Northern Kuwait holds the majority of Kuwait's larger fields other than Greater Burgan. Kuwait's second largest source of crude production is from the northern Raudhatain field, with a capacity of 350,000-400,000 bbl/d. Sabriya is adjacent to Raudhatain and adds another 100,000 bbl/d. The frontier fields of al-Ratqa, the southern extension of Iraq's Rumaila structure and the smaller Abdali field were both obtained after the new border was forged in 1993 following the end of the Persian Gulf War. They add another 75,000 bbl/d of additional production capacity. In August 2010, British Petrofac signed a deal with KOC to boost production capacity at Raudhatain and neighboring Sabriyah fields. In the same month, Kuwaiti and Iraqi officials agreed in principle to mutually develop shared oil fields, as well as to allow an international oil company (IOC) to aid in such projects. It was not clear how the respective state-run oil companies would be involved and to what degree.

Project Kuwait

A focal point of Kuwait's aspirations to attain a production capacity of 4 million bbl/d is Project Kuwait. Proposed in 1998, Project Kuwait was an asserted effort to create proper incentives for attracting foreign participation. The contract structure that resulted was challenged as unconstitutional and the National Assembly has impeded progress of Project Kuwait for a number of years. Kuwait's constitution bars foreign ownership of the country's natural resources, which precludes the product-sharing agreements (PSAs) that normally provide proper incentive for investment. In order to allow IOC involvement, an “incentivized buy-back contract" (IBBC) arrangement was created, which neither involves production sharing nor concessions. The structure of the IBBC agreements allows the Kuwaiti government to retain full ownership of oil reserves, control over oil production levels, and strategic management of the ventures. Foreign firms are to be paid a "per barrel" fee, along with allowances for capital recovery and incentive fees for increasing reserves. In May 2007, the Kuwaiti ruling family conceded the responsibility to approve each related IBBC for Project Kuwait to parliament, which has caused further delays. Additionally, more performance-based incentives have been introduced in an enhanced technical service agreement (ETSA) structure, although only one has been awarded so far.
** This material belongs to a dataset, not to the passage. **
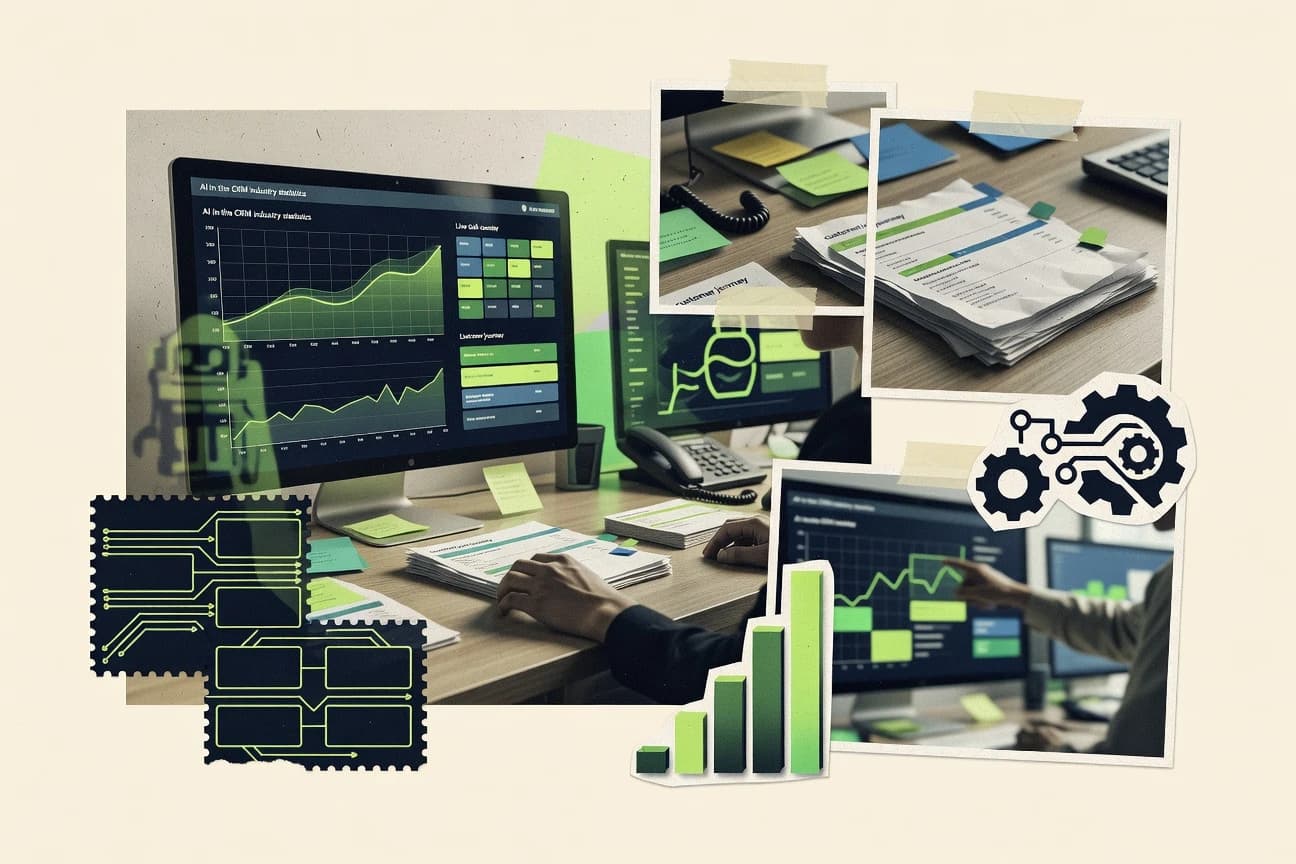 AI In The CRM Industry Statistics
Project Kuwait aims to increase the country's oil production capacity from four northern oil fields Raudhatain, Sabriya, al-Ratqa, and Abdali. This serves as a pivotal component to increase production capacity to 3.5 million bbl/d by 2015, and 4 million bbl/d by 2020, which KOC admits will require the help of IOCs. Some agreements, such as the ETSA with Royal Dutch Shell forged in February 2010 and continued negotiations with other IOCs over EOR developments have enhanced prospects for foreign participation, yet no other final agreements have been made. Production from the north has seen a boost over 2010, approaching 800,000 bbl/d with the installation of an 120,000 bbl/d early production facility at the Sabriya field. Heavy oil is also a major long-term component of Project Kuwait, providing a projected 60,000 bbl/d by 2015 and 270,000 bbl/d by 2020, although this is much lower than the original forecast production of 750,000 bbl/d. Estimated heavy oil reserves of approximately 13 billion barrels are located primarily in the north of Kuwait, with other reserves concentrated in the Neutral Zone.
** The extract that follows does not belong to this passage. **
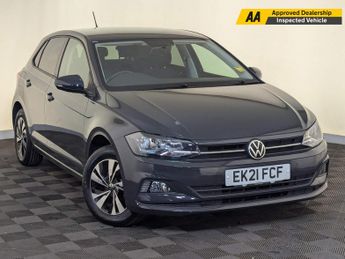 Volkswagen Polo 1.0 EVO Match Euro 6 (s/s) 5dr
An unconventional source of potential production over the medium-term will be related to the clean-up of the large pools of crude that have remained since the retreat of the Iraqi army during the First Gulf War. The KOC has announced plans to finish the tender process by the end of 2011 for firms that will aid in soil remediation, which could result in significant crude volumes. The entire operation will take years and cost roughly $3.5 billion, paid for by the UN reparations fund, however the first phase involves only three sites. The Iraqi army set more than 800 wells ablaze and estimates indicate that as much as 5 million bbl/d were lost over the nine months it took to extinguish the fires. The lakes number in the thousands and were created by the seawater used to put out the fires. There is also the potential that the clean-up could facilitate further exploration and production, as the lakes restrict access to producing areas and known reserves.

Partitioned Neutral Zone

The Partitioned Neutral Zone (PNZ) was established in 1922 to settle a territorial dispute between Kuwait and Saudi Arabia. The PNZ encompasses a 6,200 square-mile area and contains an estimated 5 billion barrels of oil and 1 trillion cubic feet (Tcf) of natural gas. Oil production capacity in the PNZ is currently about 600,000 barrels per day, all of which is divided equally between Saudi Arabia and Kuwait.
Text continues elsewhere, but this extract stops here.